[Exercise prompt] Return the complete listing exactly as it reads, with each picture removed.

[Data extract]
- Opening Delimiter -

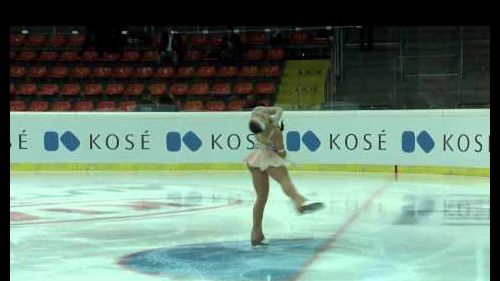 Chiara calderone (ita) - jgp linz 2015 - short program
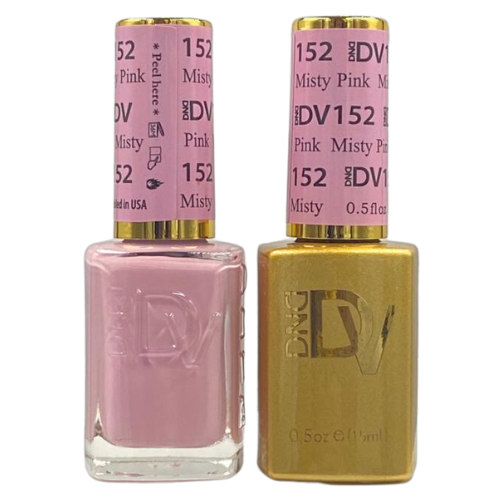 DND Gel & Polish Diva Duo - 152 Misty Pink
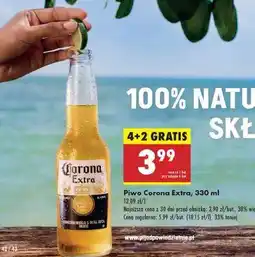 Biedronka Piwo Corona Extra , 330 ml oferta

- Closing Delimiter -

[Output for this exercise]
 Chiara calderone (ita) - jgp linz 2015 - short program
 DND Gel & Polish Diva Duo - 152 Misty Pink
 Biedronka Piwo Corona Extra , 330 ml oferta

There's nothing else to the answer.